EXERCISE DETAILS:
Please transcribe the records precisely; pictures stay out of your copy.

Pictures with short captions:
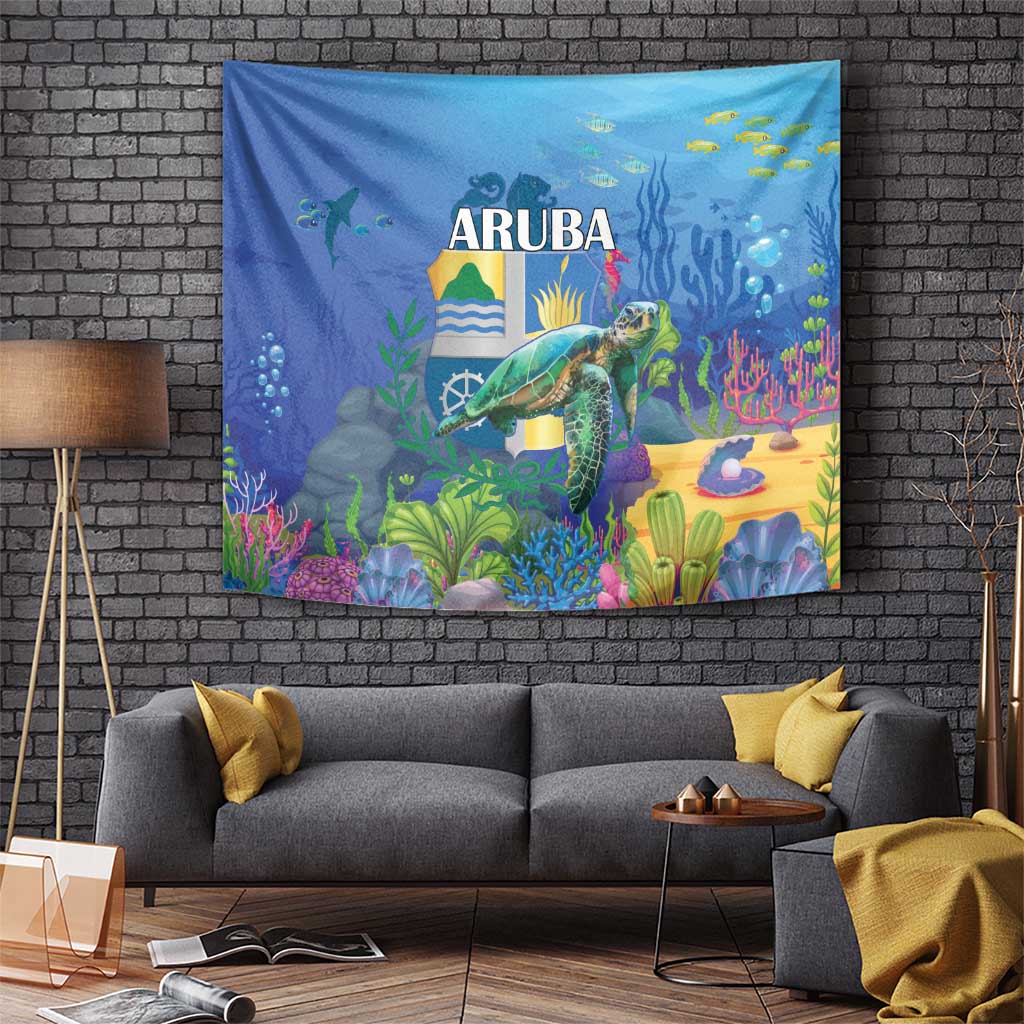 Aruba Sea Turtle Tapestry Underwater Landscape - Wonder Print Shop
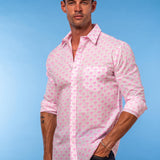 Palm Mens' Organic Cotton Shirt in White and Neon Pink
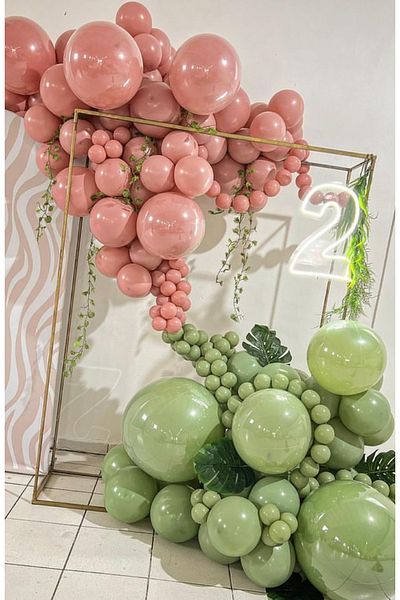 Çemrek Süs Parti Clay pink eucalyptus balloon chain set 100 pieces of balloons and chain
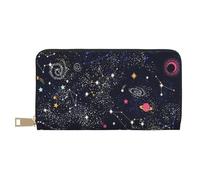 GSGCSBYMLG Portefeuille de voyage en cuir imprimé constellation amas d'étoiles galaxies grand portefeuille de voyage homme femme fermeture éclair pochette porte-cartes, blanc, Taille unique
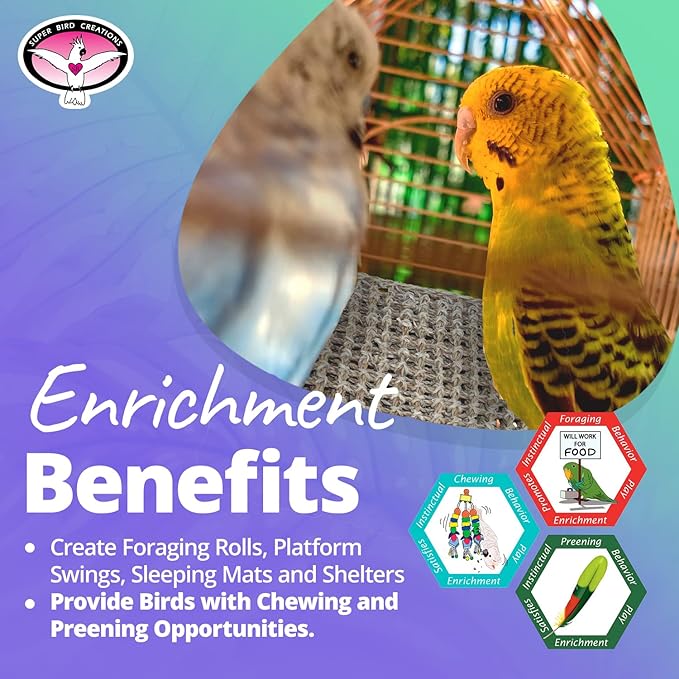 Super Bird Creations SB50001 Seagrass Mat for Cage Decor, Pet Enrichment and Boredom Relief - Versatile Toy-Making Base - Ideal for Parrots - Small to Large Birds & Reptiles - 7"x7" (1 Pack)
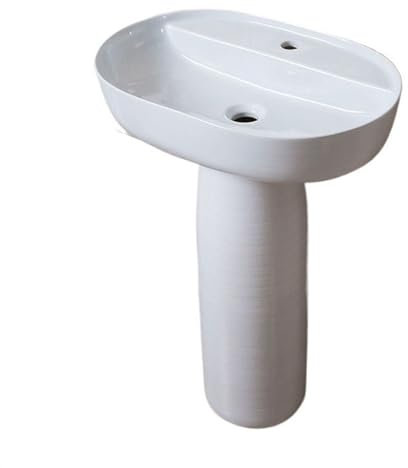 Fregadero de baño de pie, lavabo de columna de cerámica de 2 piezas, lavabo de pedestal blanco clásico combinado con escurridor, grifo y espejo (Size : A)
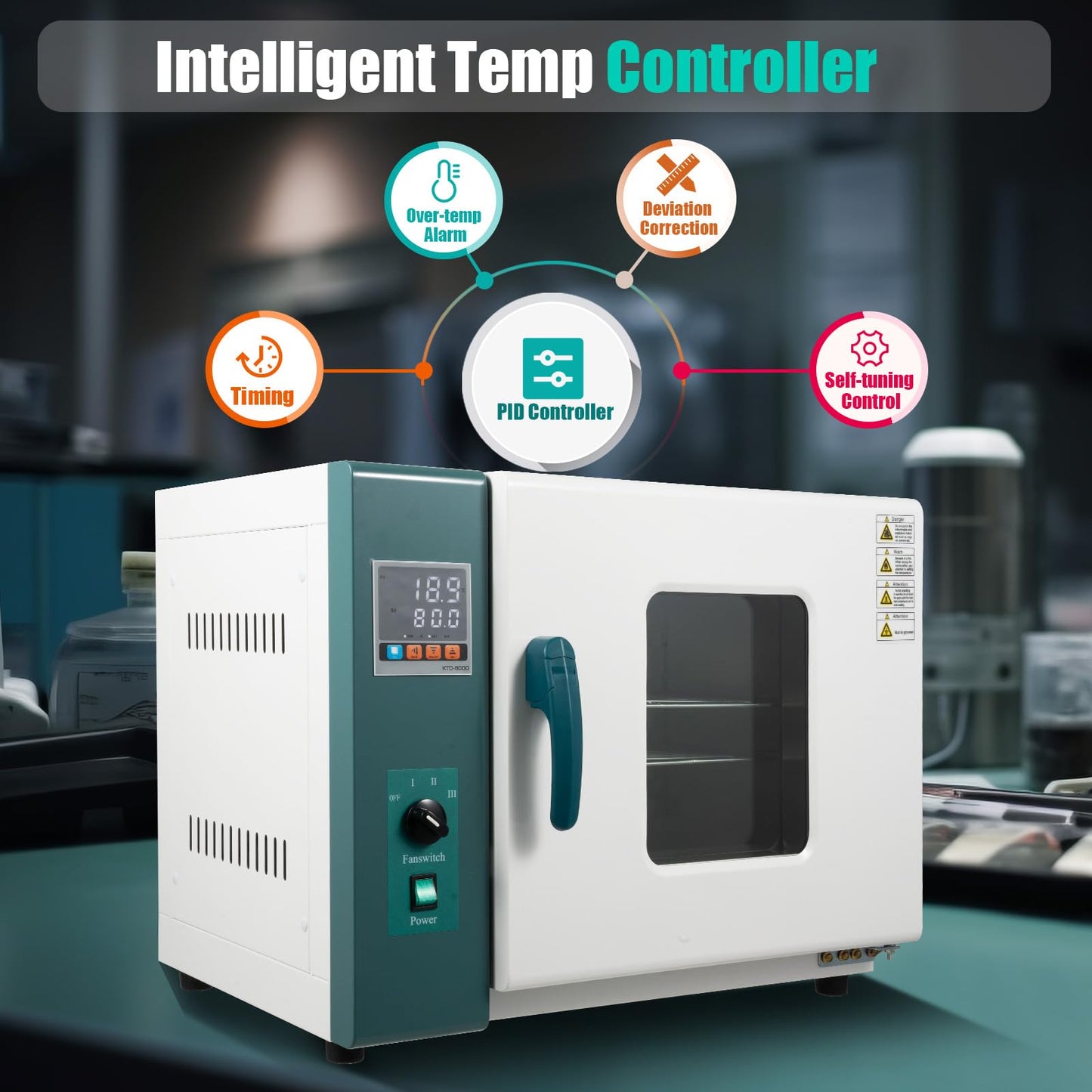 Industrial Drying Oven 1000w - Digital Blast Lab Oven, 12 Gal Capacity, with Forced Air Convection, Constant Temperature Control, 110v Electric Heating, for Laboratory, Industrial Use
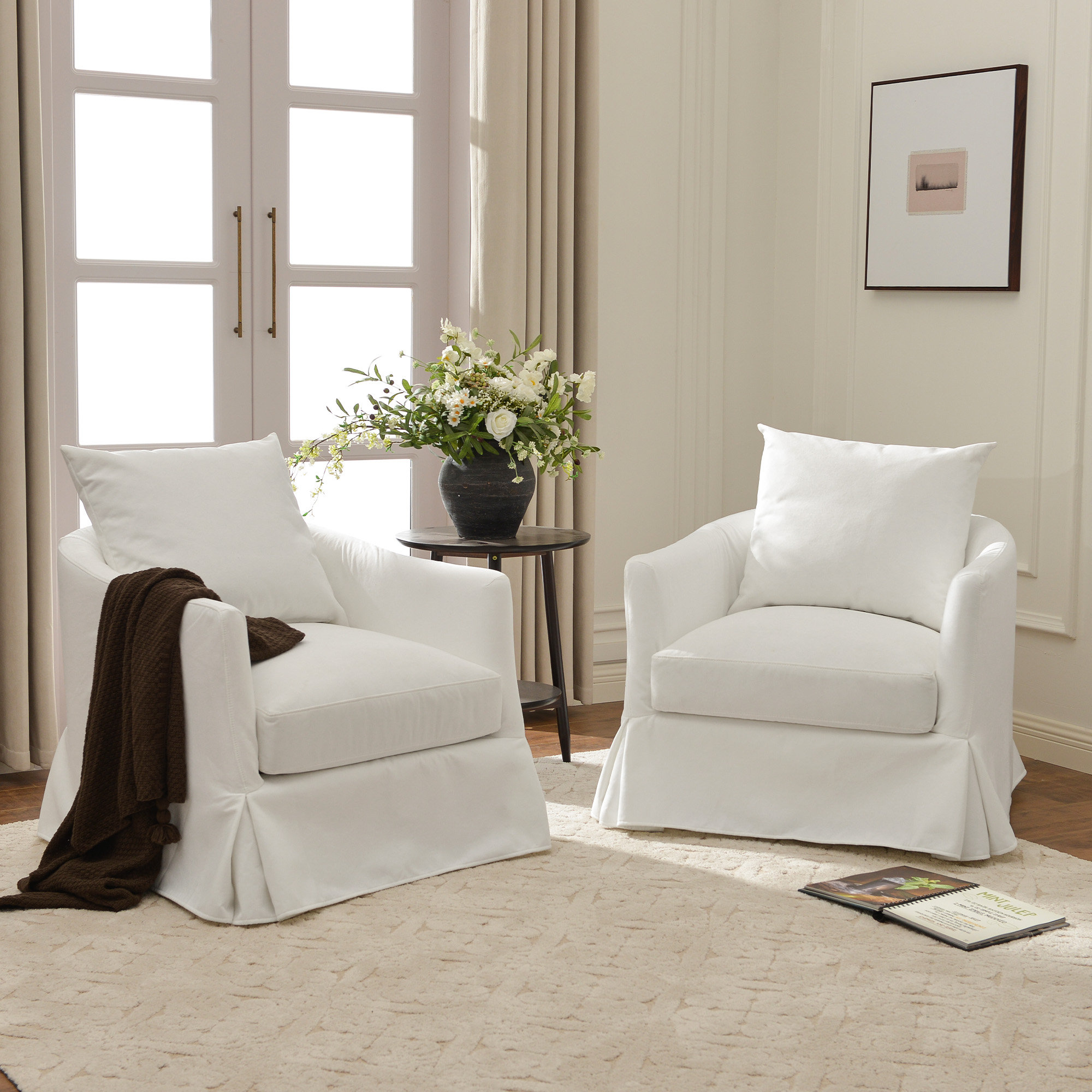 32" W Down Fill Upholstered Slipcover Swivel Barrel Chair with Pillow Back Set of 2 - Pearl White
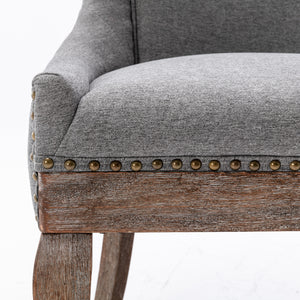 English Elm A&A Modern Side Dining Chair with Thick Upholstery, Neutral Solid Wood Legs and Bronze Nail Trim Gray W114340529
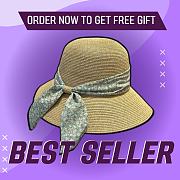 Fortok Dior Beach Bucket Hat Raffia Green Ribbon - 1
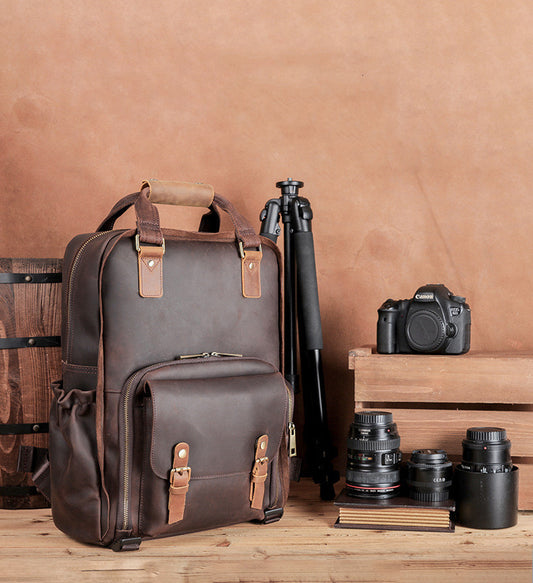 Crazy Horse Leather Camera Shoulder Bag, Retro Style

RESPONSE TO THIS TASK:
 Aruba Sea Turtle Tapestry Underwater Landscape - Wonder Print Shop
 Palm Mens' Organic Cotton Shirt in White and Neon Pink
 Çemrek Süs Parti Clay pink eucalyptus balloon chain set 100 pieces of balloons and chain
 GSGCSBYMLG Portefeuille de voyage en cuir imprimé constellation amas d'étoiles galaxies grand portefeuille de voyage homme femme fermeture éclair pochette porte-cartes, blanc, Taille unique
 Super Bird Creations SB50001 Seagrass Mat for Cage Decor, Pet Enrichment and Boredom Relief - Versatile Toy-Making Base - Ideal for Parrots - Small to Large Birds & Reptiles - 7"x7" (1 Pack)
 Fregadero de baño de pie, lavabo de columna de cerámica de 2 piezas, lavabo de pedestal blanco clásico combinado con escurridor, grifo y espejo (Size : A)
 Industrial Drying Oven 1000w - Digital Blast Lab Oven, 12 Gal Capacity, with Forced Air Convection, Constant Temperature Control, 110v Electric Heating, for Laboratory, Industrial Use
 32" W Down Fill Upholstered Slipcover Swivel Barrel Chair with Pillow Back Set of 2 - Pearl White
 English Elm A&A Modern Side Dining Chair with Thick Upholstery, Neutral Solid Wood Legs and Bronze Nail Trim Gray W114340529
 Fortok Dior Beach Bucket Hat Raffia Green Ribbon - 1
 Crazy Horse Leather Camera Shoulder Bag, Retro Style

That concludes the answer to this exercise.